The alarm goes off at 5:45, and J. gets up. It still seems strange that I don’t have to drag myself out, doing my morning yoga while he uses the bathroom. Instead, I roll over and doze off. Later, he comes back to brush teeth and put on his tie. A kiss good-by and he’s gone. I have my alarm set for 7:20, although there is no reason I have to get up at that time. I just know that I shouldn’t get in the habit of hiding in bed.
Last night I read until after midnight. When I am in the middle of a good novel it’s like an addiction. I neglect people and work and health and just read, read, read. Often I will not allow myself to start a book when I have an important project or responsibility ahead of me. These days, reading in bed until I can’t keep my eyes open also means I’ll go to sleep immediately when I do turn off the light, instead of lying there with thoughts looping through the same useless paths. This morning I had hoped to sleep a bit longer, but once I was awake I turned on the light and went back to the book. An hour later, I jumped out of bed, feeling guilty for this escapist pleasure.
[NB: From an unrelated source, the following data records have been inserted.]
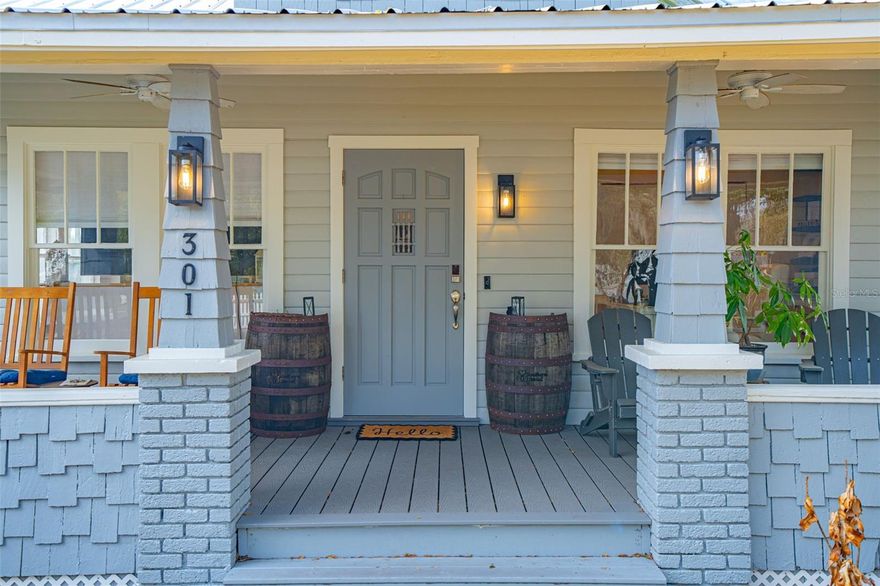 Welcome to a rare opportunity to own a fully renovated historic 1919 charmer in the heart of Orange City. This turn-key beauty blends timeless character with thoughtful, high-end updates: truly no stone has been left unturned. Perfectly positioned on a .38-acre corner lot and wrapped in a classic white wooden picket fence, this home offers storybook curb appeal paired with modern functionality. Inside, you’ll find an inviting open-concept layout where the living, dining, and kitchen spaces flow seamlessly together, ideal for both everyday living and entertaining. The kitchen has been tastefully designed with a gas range, center island, and dedicated eat-in space, creating the perfect gathering spot. The primary bedroom is conveniently located on the main floor and features a beautifully updated ensuite bathroom, with the washer and dryer just down the hall for added ease. A downstairs office with a window and closet offers flexibility as a fourth bedroom, guest room, or work-from-home space. Upstairs, a spacious loft leads to two additional bedrooms and a stunning bathroom complete with a clawfoot tub, separate shower stall, and elegant vanity: a true nod to the home’s historic roots with modern luxury woven in. The main-floor bathroom showcases a beautifully designed walk-in shower and stylish vanity. Outdoor living is just as impressive. Enjoy mornings on the front porch and evenings on the rear porch overlooking the expansive yard. The covered carport offers convenient parking, while the extended gravel area provides additional space for guests, entertaining, or recreational vehicles. The gravel continues to a charming fire pit area: perfect for gathering under the stars, a shed conveniently located just beyond, tucked near the carport for easy access. A durable metal roof adds long-term value and peace of mind. Location is everything, and this home delivers. Walking distance to Orange City City Hall, where local holiday festivities and community events are held, and just minutes to everyday conveniences, shopping, and dining. Quick access to I-4 makes commuting effortless, and you’ll love being centrally located between New Smyrna Beach and Orlando... giving you the best of both coastal relaxation and city excitement. Historic charm. Modern upgrades. Prime location. This home is truly gorgeous and ready for its next chapter. Schedule your private showing today and experience the character, craftsmanship, and convenience of this one-of-a-kind Orange City gem before someone else calls it home.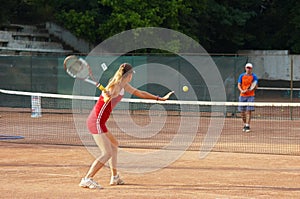 Blond girl playing tennis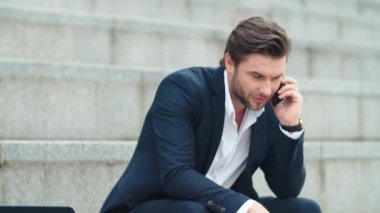 İş adamı şehirde akıllı telefondan konuşuyor. Erkek çalışan zaferi kutluyor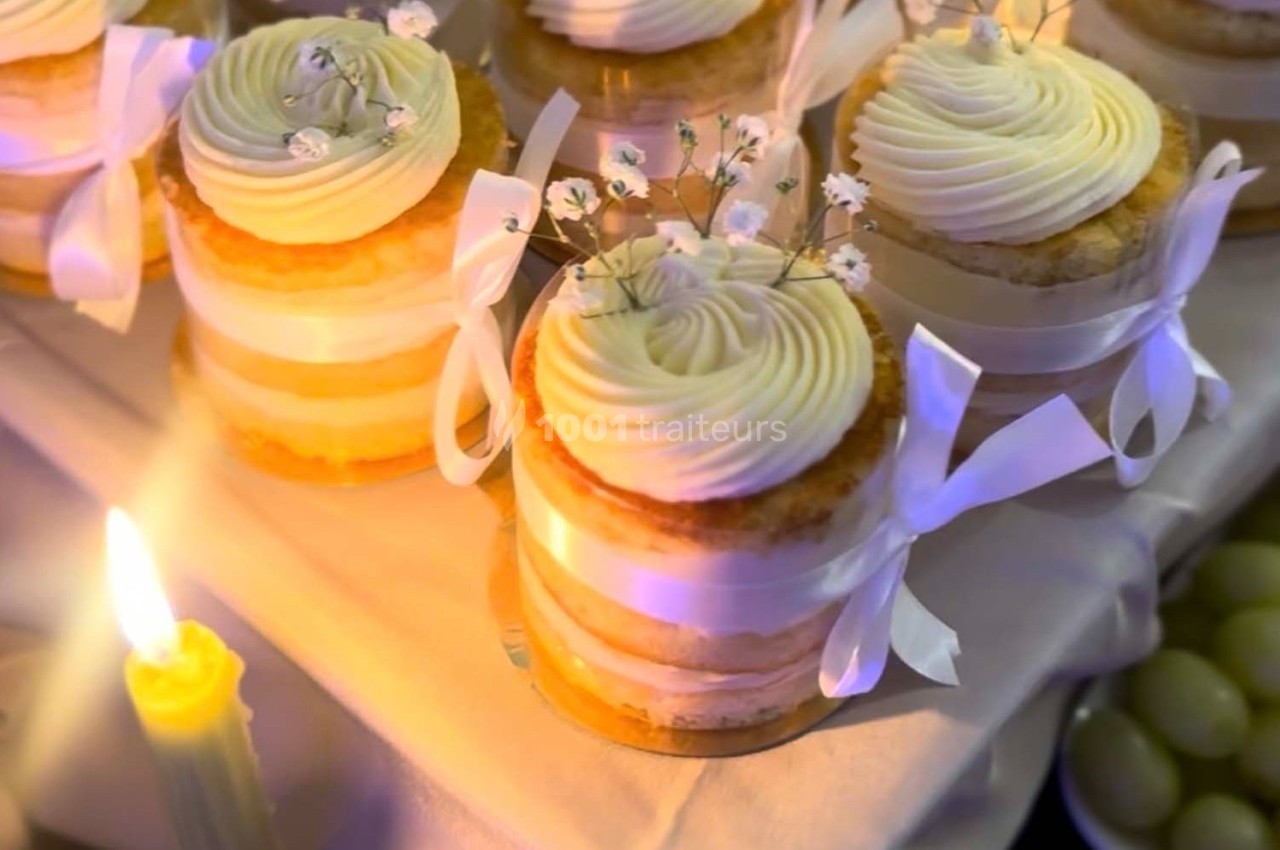 Petits gâteaux à étages décorés de crème et de fleurs blanches, entourés de rubans, éclairés par une bougie.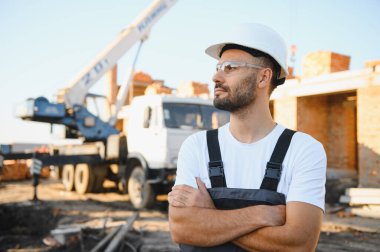 Üniformalı inşaat işçisi ve güvenlik ekipmanı inşaatında çalışıyor.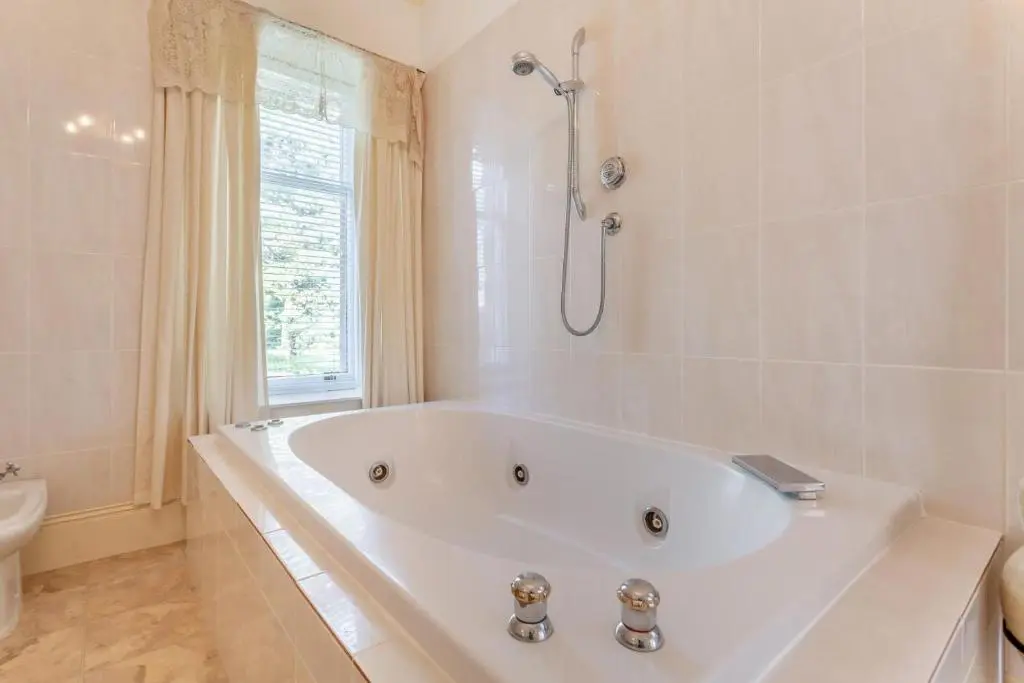 a white bath tub in a bathroom with a shower at 8 Bed in Invergordon oc-p32711 in Invergordon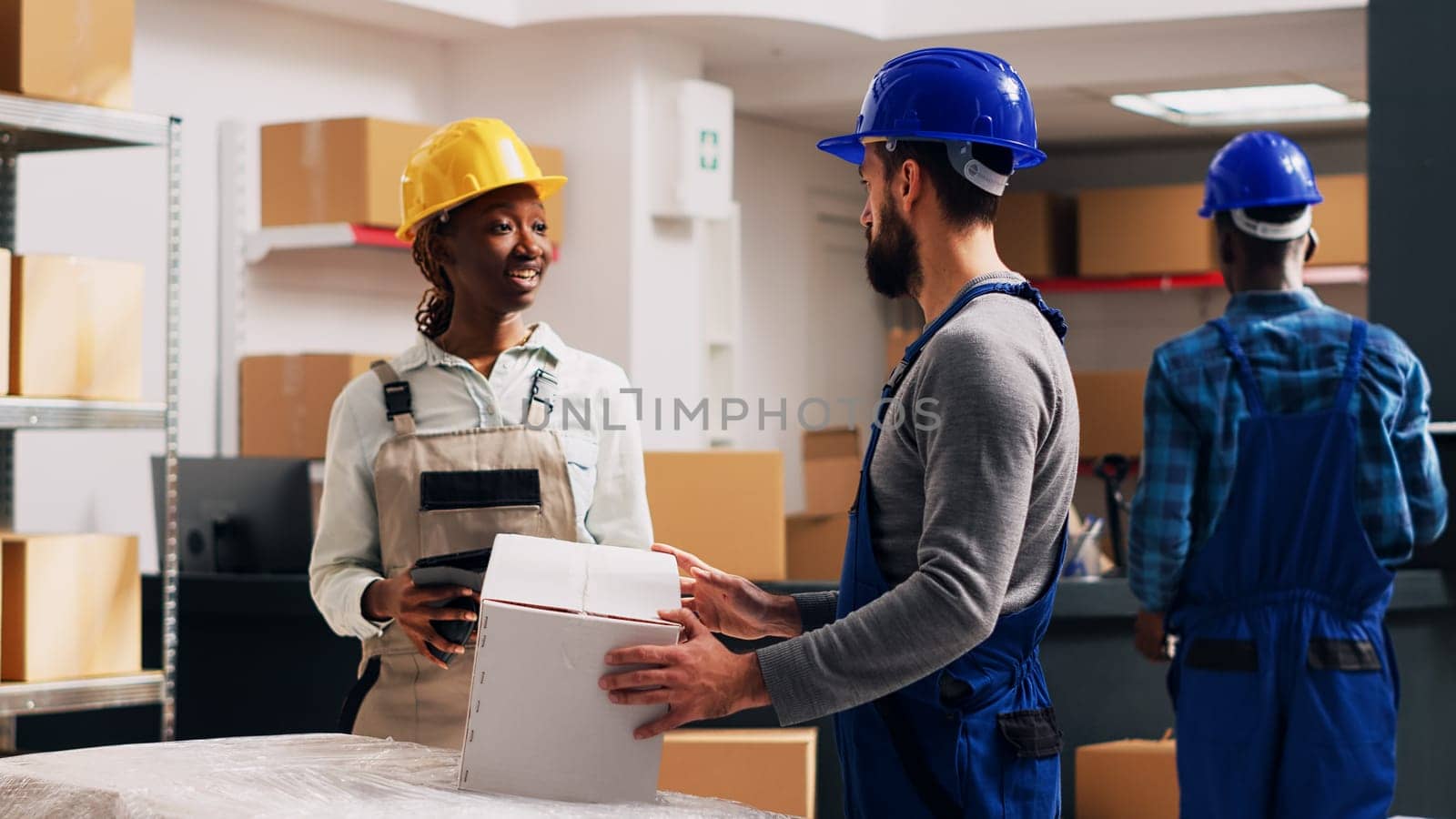 Diverse employee checking list on digital tablet, looking at warehouse products packages to ship depot goods. Man and woman scanning barcodes for logistics, industrial cargo. Handheld shot.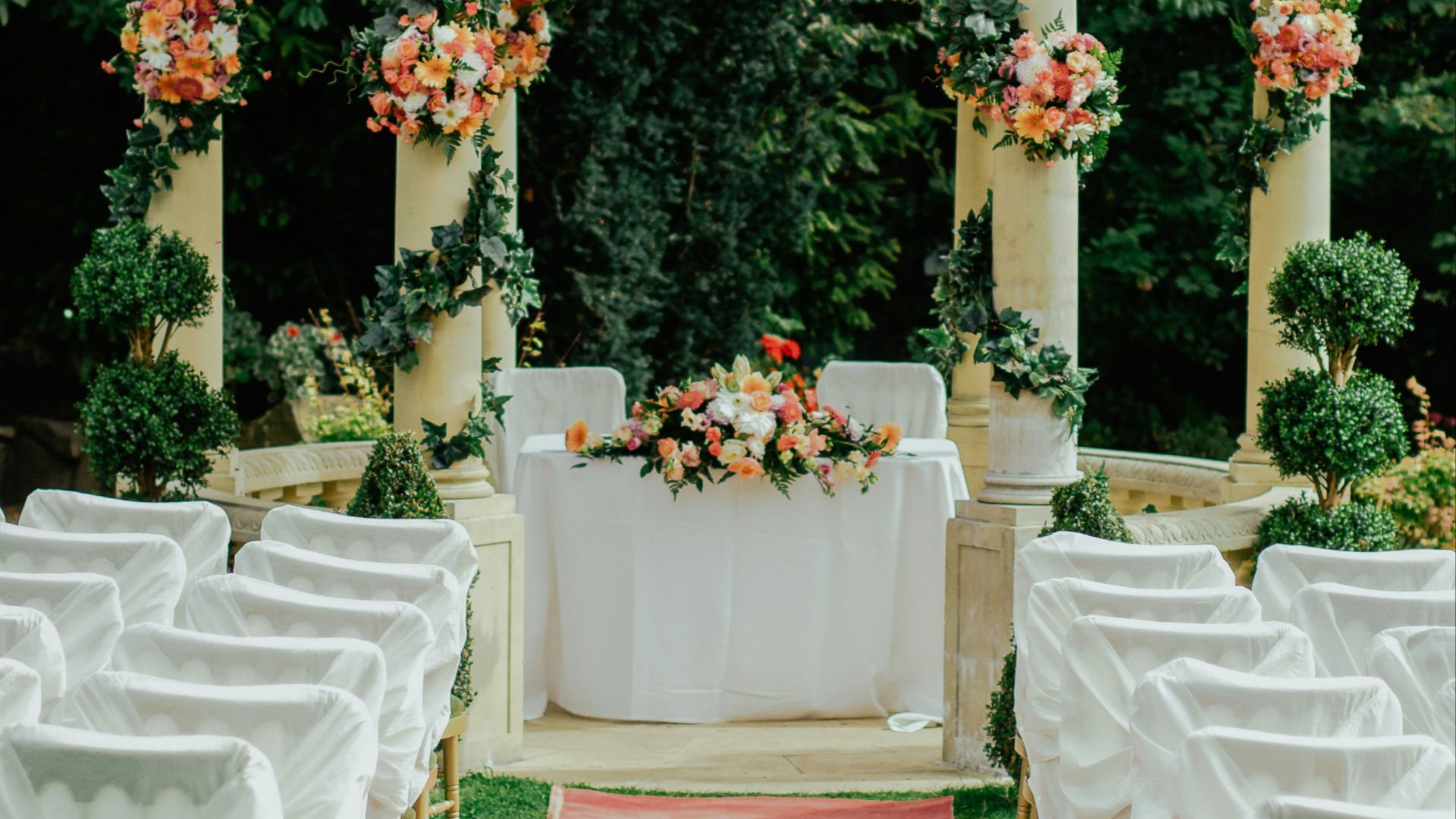 gray and beige gazebo near green leafed tree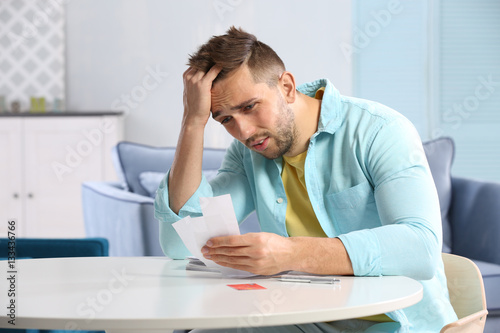 Confused young man calculating taxes at home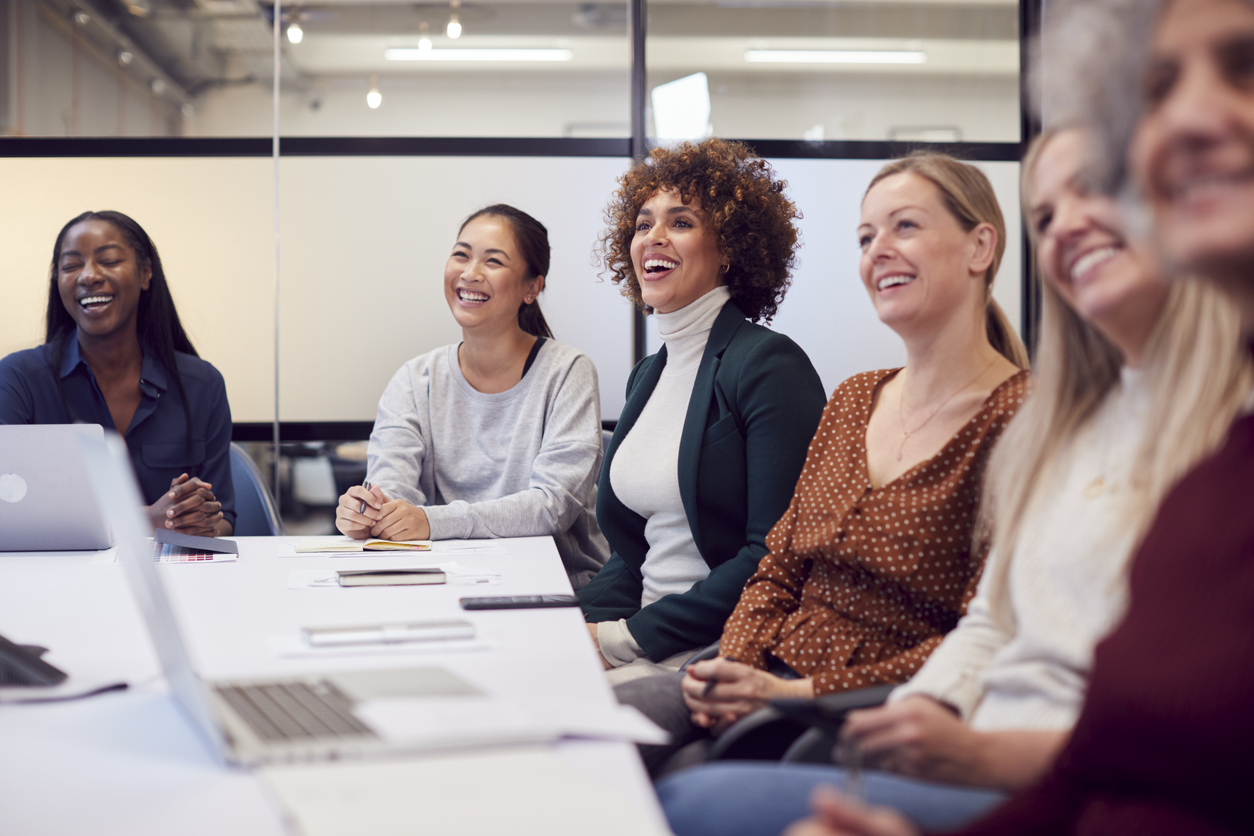 diverse group of women smiling and laughing at work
It doesn’t seem right to feel guilty about reading for an hour. If I were retired or on vacation, or even home sick, I would wallow in the luxury of it. Instead, I think about J., who doesn’t have this luxury, and about the various projects, chores, and activities that I could be doing that would be more “productive”. I will have to find a way to allow myself to enjoy these little pleasures that can take the edge off the sharp worries that float around me.